Stored data entries:

══════

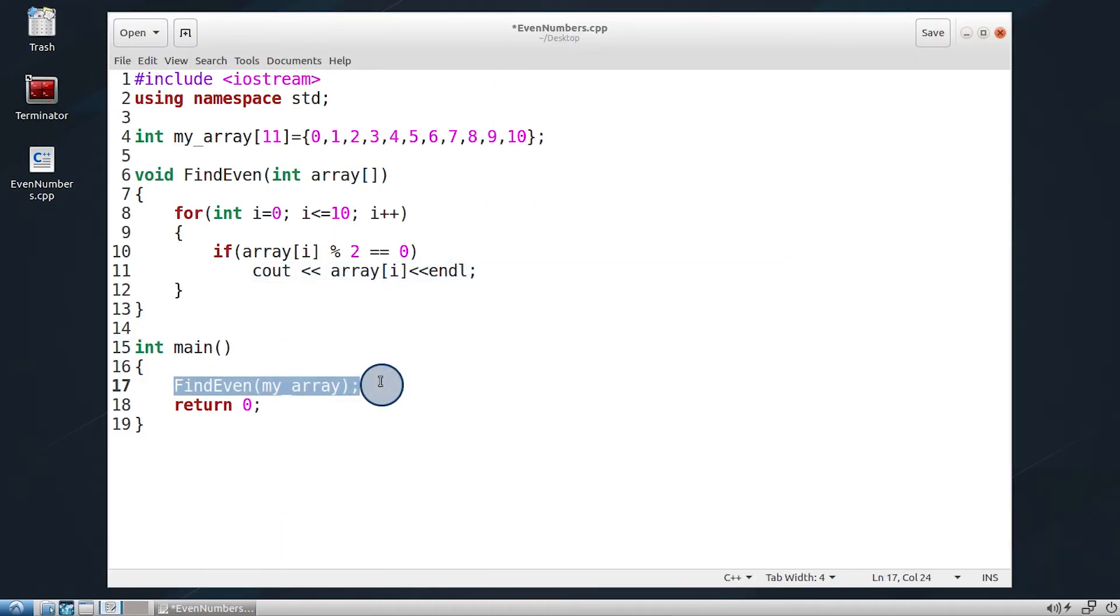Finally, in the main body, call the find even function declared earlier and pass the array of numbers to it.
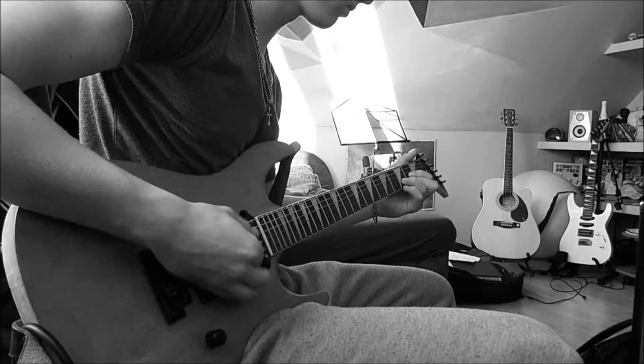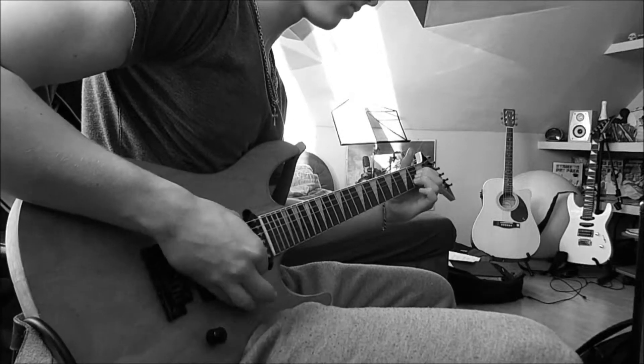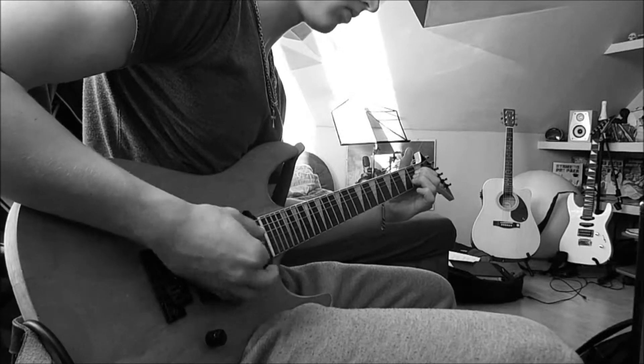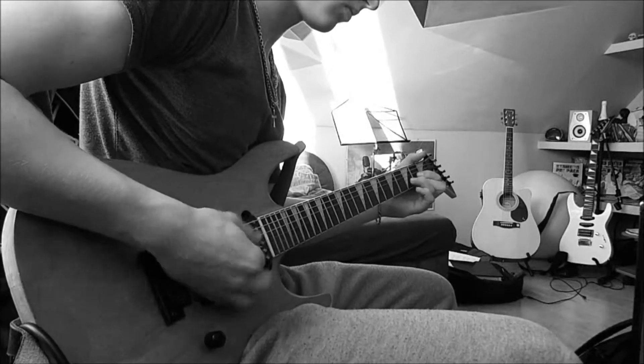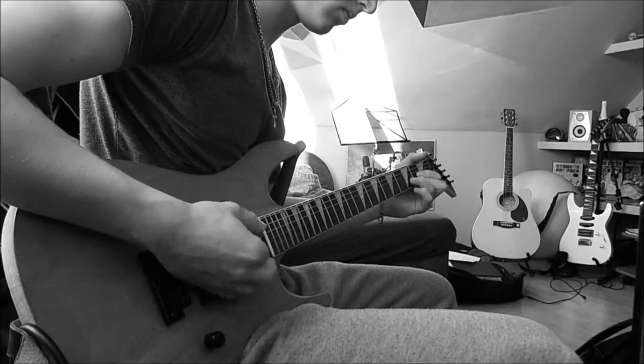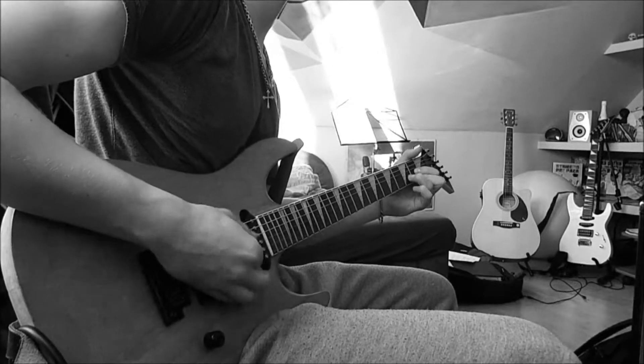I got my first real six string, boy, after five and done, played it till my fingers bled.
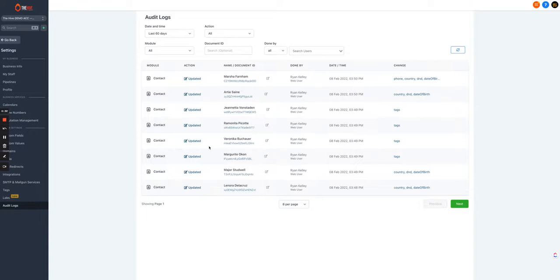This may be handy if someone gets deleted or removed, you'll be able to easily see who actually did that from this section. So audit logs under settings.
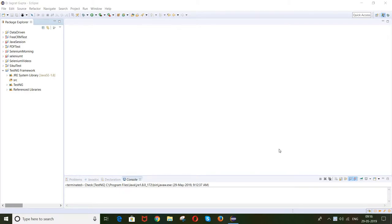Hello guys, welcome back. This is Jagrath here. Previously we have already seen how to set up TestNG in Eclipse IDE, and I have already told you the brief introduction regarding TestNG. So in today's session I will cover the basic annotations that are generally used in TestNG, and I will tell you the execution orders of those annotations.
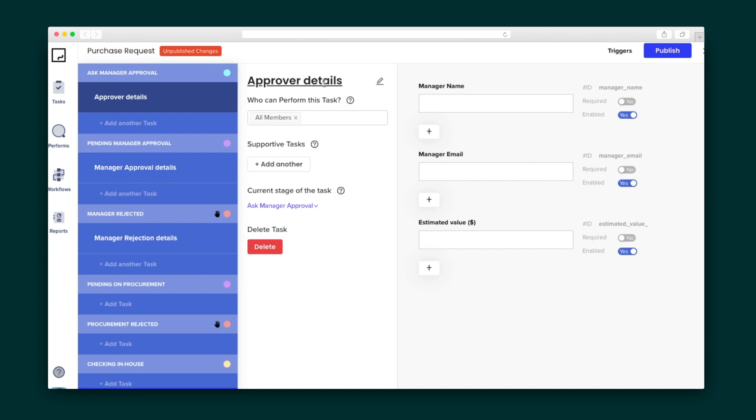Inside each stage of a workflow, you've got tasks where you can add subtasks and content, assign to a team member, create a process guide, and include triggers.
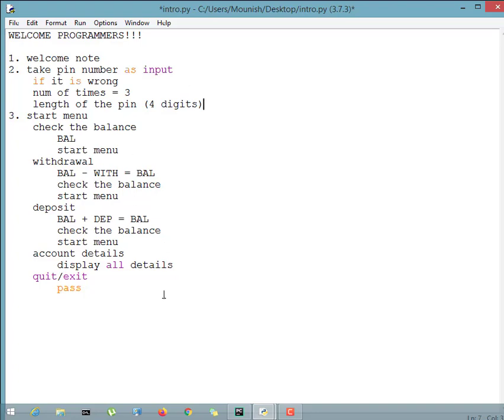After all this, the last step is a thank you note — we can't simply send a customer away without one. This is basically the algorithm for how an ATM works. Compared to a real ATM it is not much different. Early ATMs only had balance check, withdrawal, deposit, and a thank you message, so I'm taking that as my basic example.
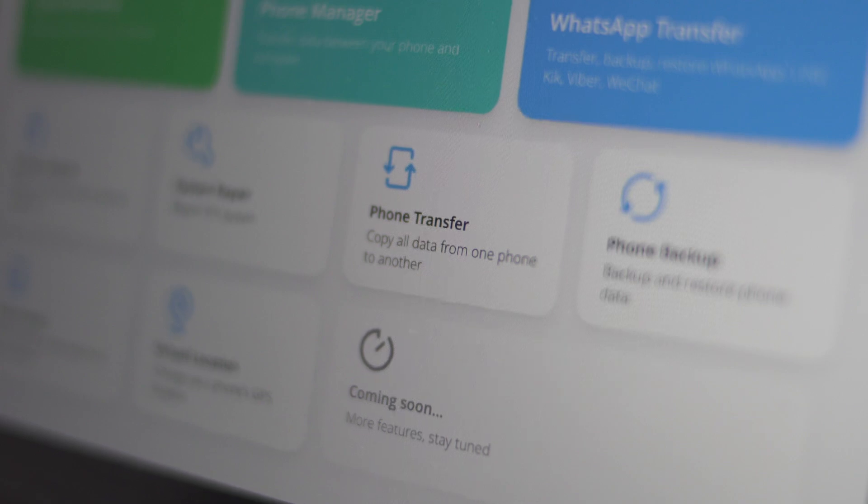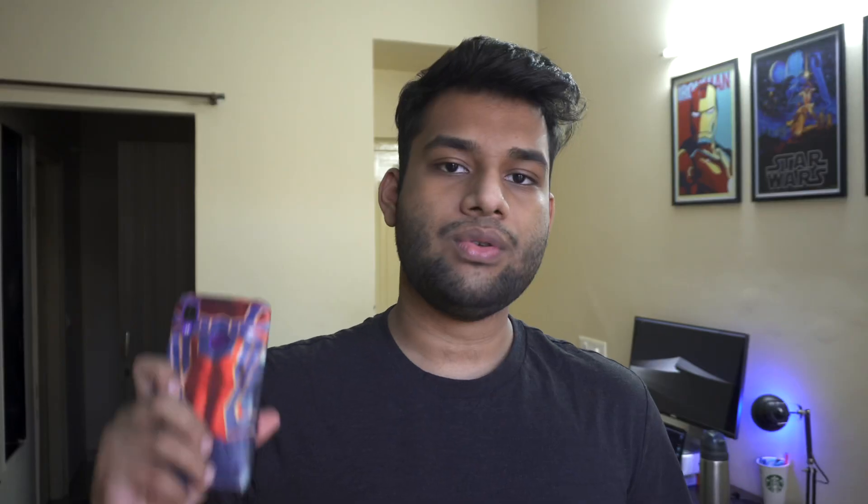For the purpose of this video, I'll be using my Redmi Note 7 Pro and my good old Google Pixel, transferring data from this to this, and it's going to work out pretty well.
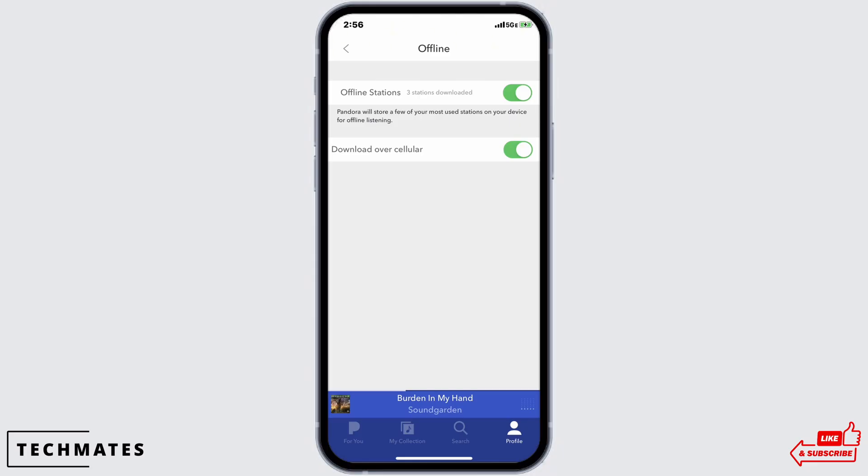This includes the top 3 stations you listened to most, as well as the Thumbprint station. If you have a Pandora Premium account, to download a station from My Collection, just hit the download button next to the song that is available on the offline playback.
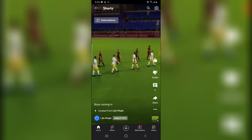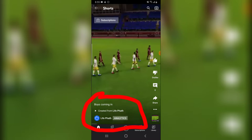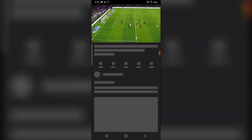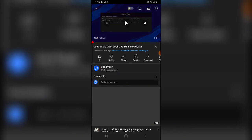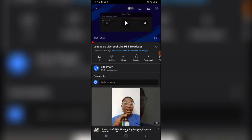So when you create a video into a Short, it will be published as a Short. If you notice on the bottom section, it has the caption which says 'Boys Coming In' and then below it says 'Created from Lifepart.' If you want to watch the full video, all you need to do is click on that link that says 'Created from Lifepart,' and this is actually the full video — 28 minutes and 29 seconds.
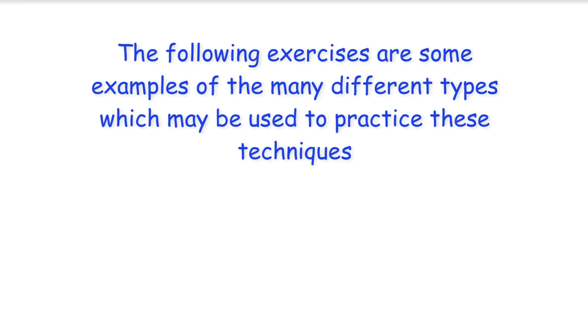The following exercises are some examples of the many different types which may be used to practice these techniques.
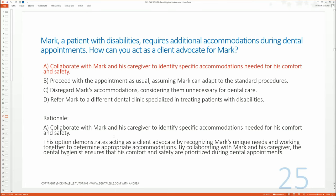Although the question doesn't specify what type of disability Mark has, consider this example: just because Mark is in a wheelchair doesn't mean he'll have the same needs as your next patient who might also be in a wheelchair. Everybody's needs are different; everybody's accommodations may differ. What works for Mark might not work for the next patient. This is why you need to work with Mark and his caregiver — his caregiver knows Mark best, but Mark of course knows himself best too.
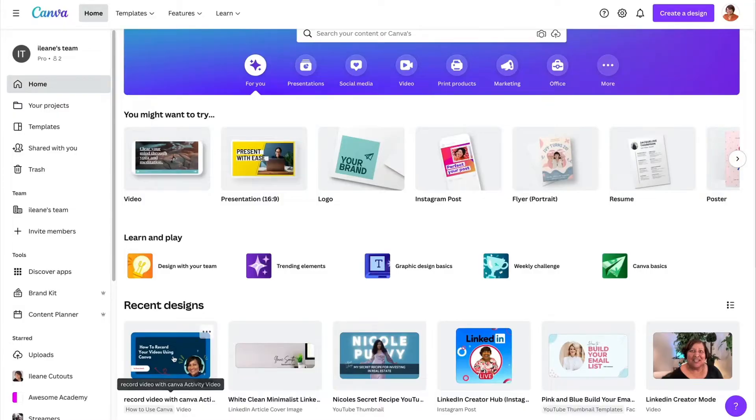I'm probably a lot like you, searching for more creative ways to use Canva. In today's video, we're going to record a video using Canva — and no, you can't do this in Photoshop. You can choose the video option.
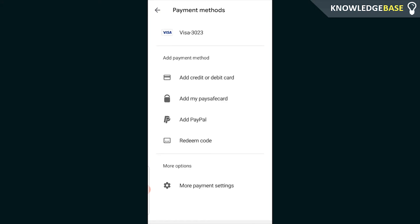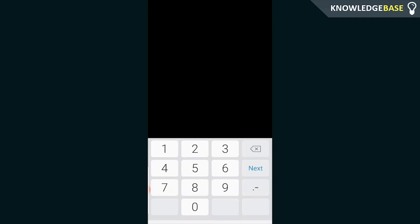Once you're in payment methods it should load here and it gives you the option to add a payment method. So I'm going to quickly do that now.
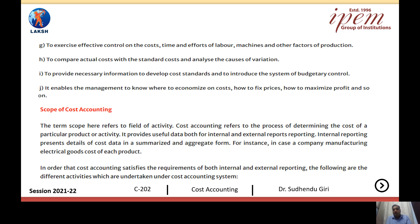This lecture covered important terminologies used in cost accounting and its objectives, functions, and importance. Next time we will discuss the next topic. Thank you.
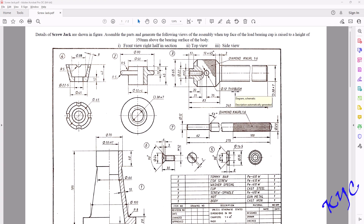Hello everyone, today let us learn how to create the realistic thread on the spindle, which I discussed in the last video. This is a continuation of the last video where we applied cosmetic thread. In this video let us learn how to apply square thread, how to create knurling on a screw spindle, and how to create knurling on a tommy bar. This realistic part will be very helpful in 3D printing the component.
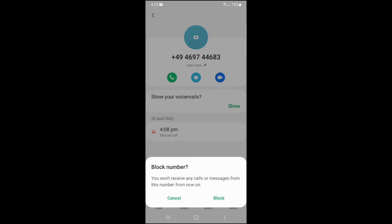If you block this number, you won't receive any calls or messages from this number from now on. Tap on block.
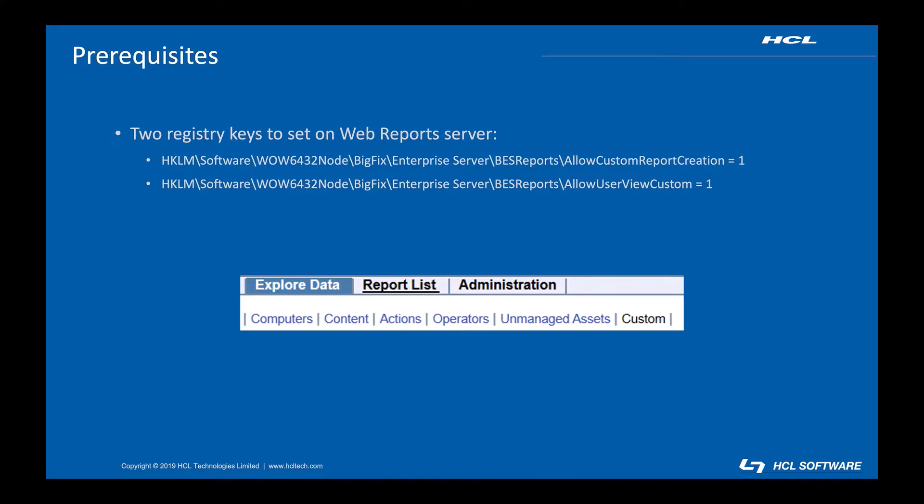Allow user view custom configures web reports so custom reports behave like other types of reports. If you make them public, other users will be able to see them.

══════

PROBLEM REQUIREMENTS
The reply is to be all the records above, transcribed exactly, with no pictures.

REPLY TO THE EXERCISE
Finally, in the main body, call the find even function declared earlier and pass the array of numbers to it.
I got my first real six string, boy, after five and done, played it till my fingers bled.
This may be handy if someone gets deleted or removed, you'll be able to easily see who actually did that from this section. So audit logs under settings.
Hello guys, welcome back. This is Jagrath here. Previously we have already seen how to set up TestNG in Eclipse IDE, and I have already told you the brief introduction regarding TestNG. So in today's session I will cover the basic annotations that are generally used in TestNG, and I will tell you the execution orders of those annotations.
Inside each stage of a workflow, you've got tasks where you can add subtasks and content, assign to a team member, create a process guide, and include triggers.
After all this, the last step is a thank you note — we can't simply send a customer away without one. This is basically the algorithm for how an ATM works. Compared to a real ATM it is not much different. Early ATMs only had balance check, withdrawal, deposit, and a thank you message, so I'm taking that as my basic example.
For the purpose of this video, I'll be using my Redmi Note 7 Pro and my good old Google Pixel, transferring data from this to this, and it's going to work out pretty well.
This includes the top 3 stations you listened to most, as well as the Thumbprint station. If you have a Pandora Premium account, to download a station from My Collection, just hit the download button next to the song that is available on the offline playback.
So when you create a video into a Short, it will be published as a Short. If you notice on the bottom section, it has the caption which says 'Boys Coming In' and then below it says 'Created from Lifepart.' If you want to watch the full video, all you need to do is click on that link that says 'Created from Lifepart,' and this is actually the full video — 28 minutes and 29 seconds.
The following exercises are some examples of the many different types which may be used to practice these techniques.
Although the question doesn't specify what type of disability Mark has, consider this example: just because Mark is in a wheelchair doesn't mean he'll have the same needs as your next patient who might also be in a wheelchair. Everybody's needs are different; everybody's accommodations may differ. What works for Mark might not work for the next patient. This is why you need to work with Mark and his caregiver — his caregiver knows Mark best, but Mark of course knows himself best too.
I'm probably a lot like you, searching for more creative ways to use Canva. In today's video, we're going to record a video using Canva — and no, you can't do this in Photoshop. You can choose the video option.
Once you're in payment methods it should load here and it gives you the option to add a payment method. So I'm going to quickly do that now.
This lecture covered important terminologies used in cost accounting and its objectives, functions, and importance. Next time we will discuss the next topic. Thank you.
Hello everyone, today let us learn how to create the realistic thread on the spindle, which I discussed in the last video. This is a continuation of the last video where we applied cosmetic thread. In this video let us learn how to apply square thread, how to create knurling on a screw spindle, and how to create knurling on a tommy bar. This realistic part will be very helpful in 3D printing the component.
If you block this number, you won't receive any calls or messages from this number from now on. Tap on block.
Allow user view custom configures web reports so custom reports behave like other types of reports. If you make them public, other users will be able to see them.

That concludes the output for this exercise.